33. Nel caso di specie non ricorre la preclusione, pure individuata dalla giurisprudenza sopra richiamata, dell’essere la condotta contestata ed accertata riconducibile a quelle punite con sanzione conservativa.
34. Tali rilievi portano a ritenere fondato il quarto motivo di ricorso quanto alla violazione della L. n. 604 del 1966, articolo 3, sub specie di mancata applicazione di tale disposizione da parte della Corte di merito nella valutazione sulla legittimita’ o meno del licenziamento.
35. Risultano assorbiti il primo ed il secondo motivo di ricorso, relativi alla violazione della normativa antiriciclaggio e al danno all’immagine della societa’, suscettibili di valutazione da parte del giudice di rinvio ai fini della nozione legale di giustificato motivo soggettivo.
36. Anche il quinto e sesto motivo di ricorso risultano assorbiti poiche’ presuppongono una declaratoria di illegittimita’ del licenziamento.
37. Il terzo motivo di ricorso, formulato ai sensi dell’articolo 360 c.p.c., comma 1, n. 5, non si conforma allo schema legale del nuovo vizio motivazionale, come delineato dalle Sezioni Unite di questa Corte (sentenza n. 8053 del 2014), ed applicabile ratione temporis nel procedimento in oggetto (sentenza di reclamo emessa nel 2017), e non puo’ quindi trovare accoglimento.
38. Secondo l’orientamento espresso dalle Sezioni Unite, e dalle successive pronunce conformi (cfr.

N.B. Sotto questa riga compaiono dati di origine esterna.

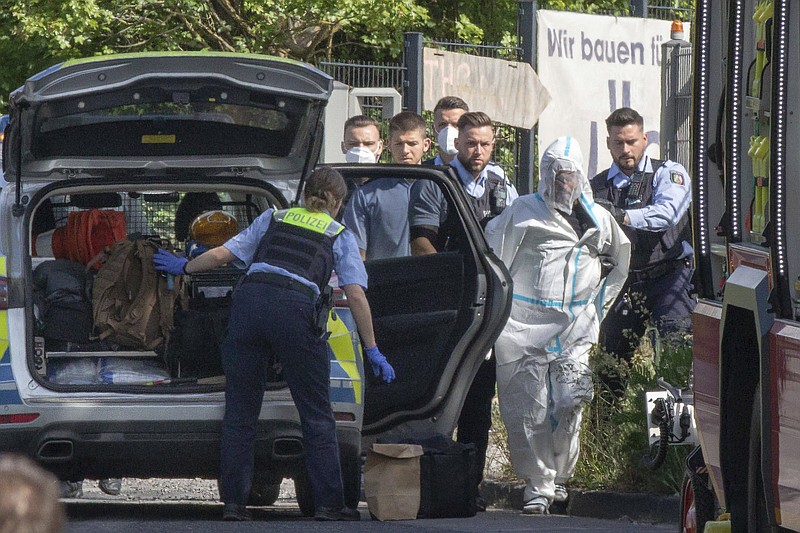 Police officers detain a suspect in Friday’s attack on a passenger train in Herzogenrath, Germany.
(AP/dpa/Ralf Roeger)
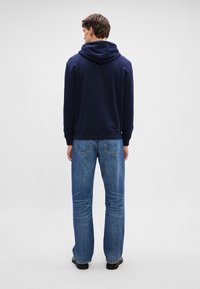 Hanorac cu glugă de culoare bleu marin, cu o textură netedă, asortat cu blugi drepți de culoare bleu deschis. Viziunea din spate arată o croială relaxată și manșete ribbate.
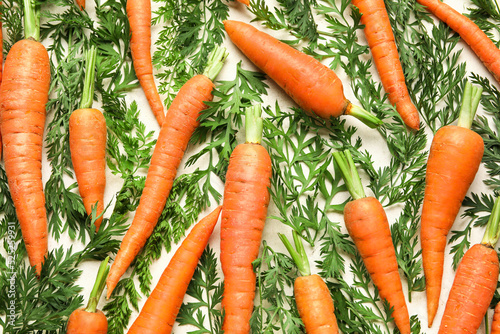 Fresh carrots and leaves on...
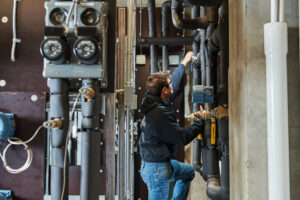 image of a BVHVAC technician working on system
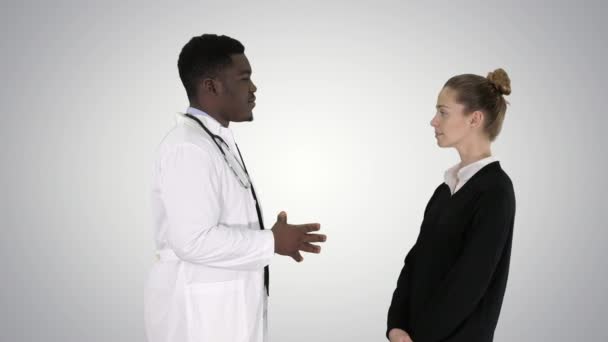 Африканский врач-мужчина разговаривает с пациенткой на градиентном фоне . — стоковое видео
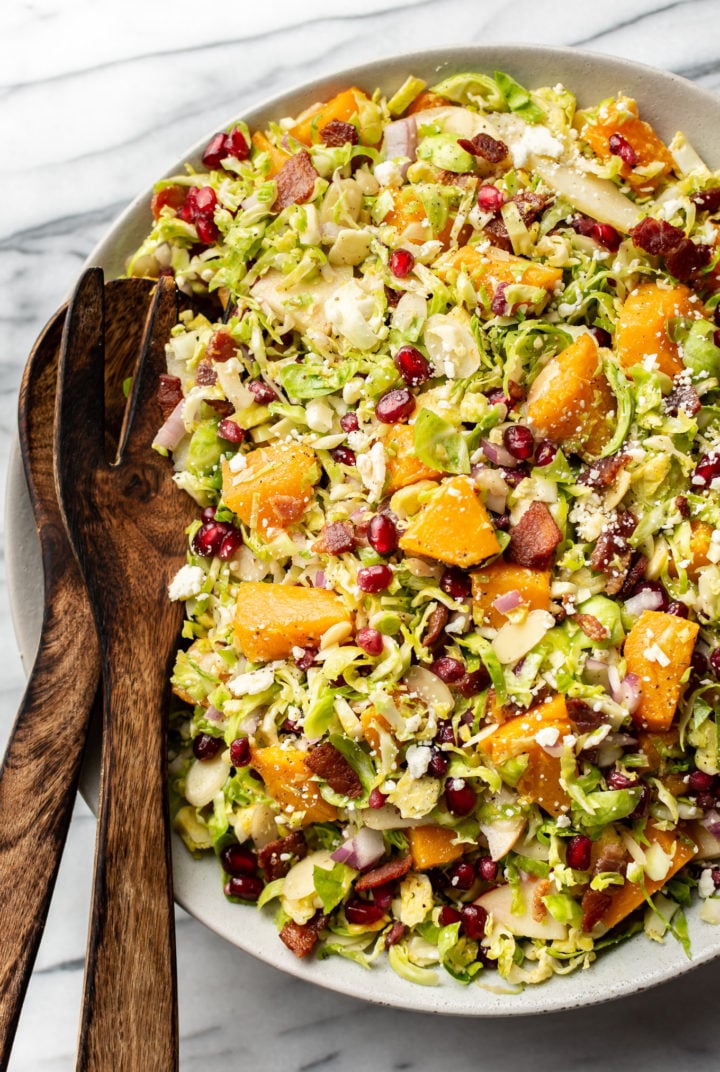 Thanksgiving salad in a salad bowl with wooden salad tongs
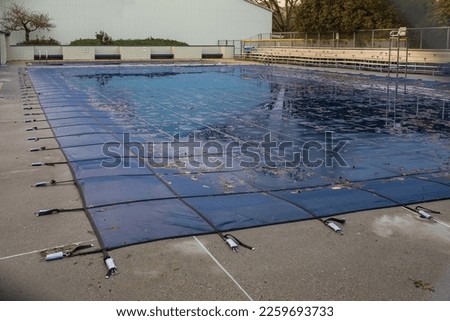 Swimming pool with cover from dirt. Public swimming pool with pool slide tarped up and closed down for winter. Pool with winter cover for autumn. Nobody, street photo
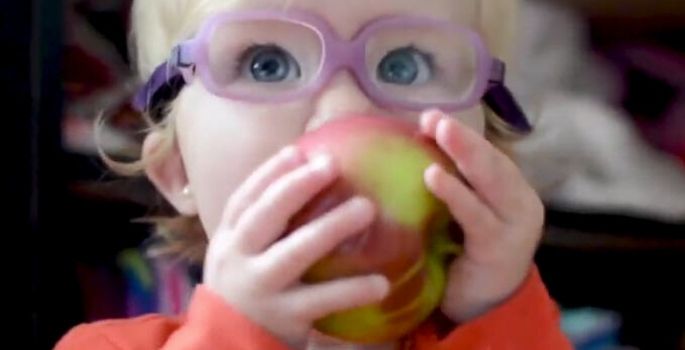 Little girl with glasses eating an apple
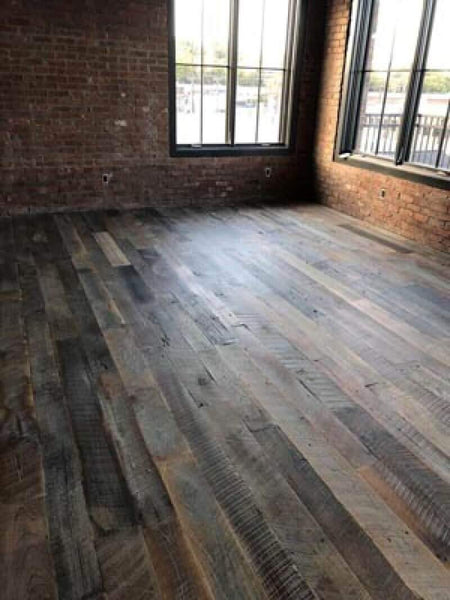 Hardwood with a rustic floor finish.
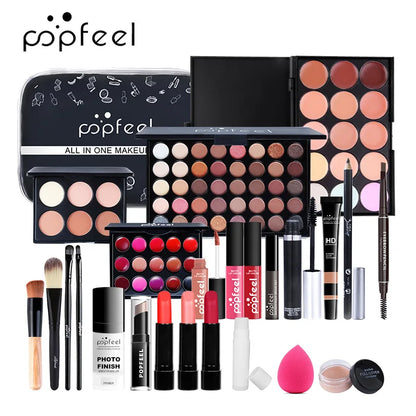 Blushimmer all-in-one makeup kit featuring eyeshadow palette, foundation, lip gloss, blush, brushes, and eyeliner in mixed colors.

Cass., 27325 del 2017; Cass., n. 9749 del 2016), l’omesso esame deve riguardare un fatto, inteso nella sua accezione storico-fenomenica, principale (ossia costitutivo, impeditivo, estintivo o modificativo del diritto azionato) o secondario (cioe’ dedotto in funzione probatoria), la cui esistenza risulti dal testo della sentenza o dagli atti processuali e che abbia carattere decisivo. Non solo quindi la censura non puo’ investire argomenti o profili giuridici, ma il riferimento al fatto secondario non implica che possa denunciarsi, ai sensi dell’articolo 360 c.p.c., comma 1, n. 5, anche l’omesso esame di determinati elementi probatori.

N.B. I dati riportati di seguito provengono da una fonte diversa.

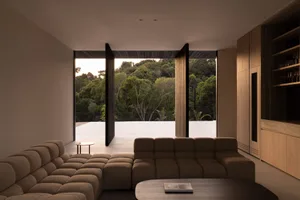 A modern living room with wood accents and large windows overlooking a lush green landscape.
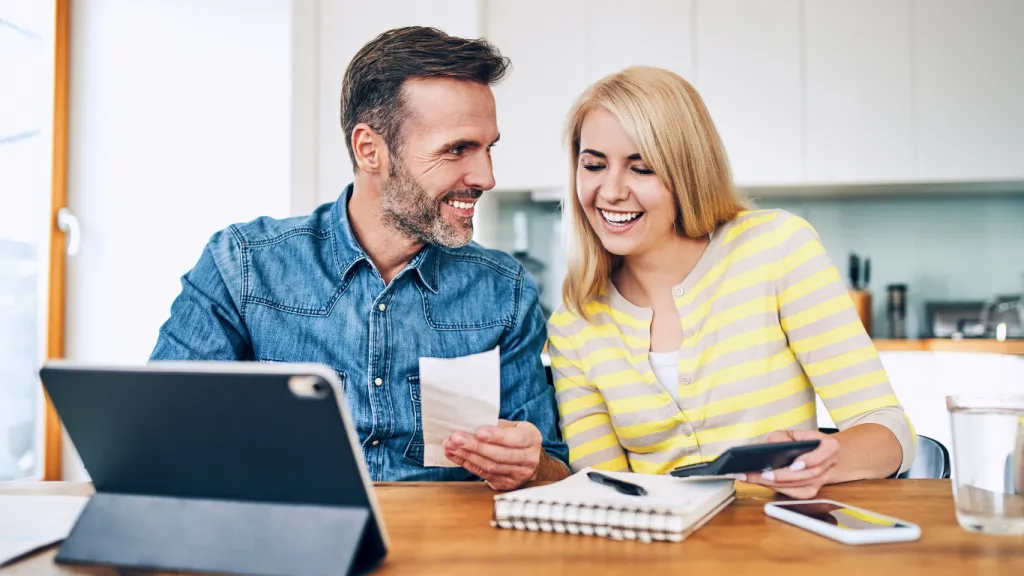 Happy couple talking about financing their house with some papers on the table and using a tablet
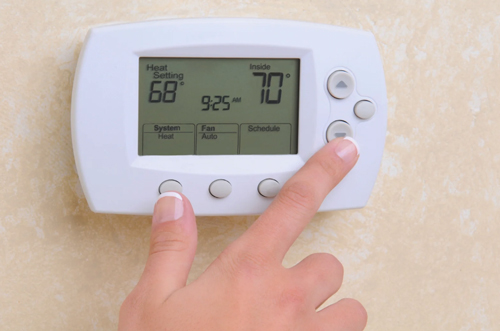 Traditional programmable thermostat being adjusted for heating and cooling schedules after Pierce Refrigeration installation service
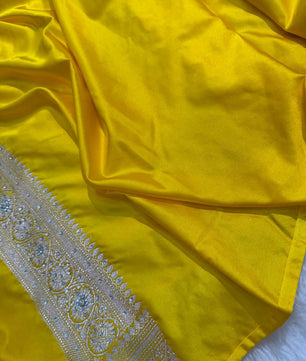 Banarasi Soft Mashru Katan Silk in Marigold Yellow.
Handwoven buta motifs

39. Il motivo in oggetto denuncia quale vizio motivazionale l’omesso esame degli elementi significativi del danno all’immagine della societa’, come la violazione ripetuta della normativa aziendale e nazionale antiriciclaggio, l’entita’ elevata degli importi in contanti movimentati in soli due mesi. Si tratta, all’evidenza, non di fatti storici intesi in senso fenomenico bensi’ di elementi probatori che, peraltro, la Corte di merito ha espressamente analizzato e valutato.
40. Per le considerazioni svolte, risulta fondato il quarto motivo di ricorso; deve essere respinto il terzo motivo e devono dichiararsi assorbiti i residui motivi.

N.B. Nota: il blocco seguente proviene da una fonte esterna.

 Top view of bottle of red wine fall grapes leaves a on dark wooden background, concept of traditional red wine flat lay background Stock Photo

41. La sentenza impugnata deve essere cassata in relazione al motivo accolto, con rinvio alla Corte di appello di Bari, in diversa composizione, che dovra’ compiere un nuovo esame della fattispecie conformandosi ai principi di diritto sopra enunciati, e provvedere altresi’ sulle spese del giudizio di legittimita’.
P.Q.M.
La Corte accoglie il quarto motivo di ricorso, respinge il terzo e dichiara assorbiti i residui motivi; cassa la sentenza impugnata in relazione al motivo accolto e rinvia alla Corte d’appello di Bari, in diversa composizione, cui demanda di provvedere anche sulle spese del giudizio di legittimita’.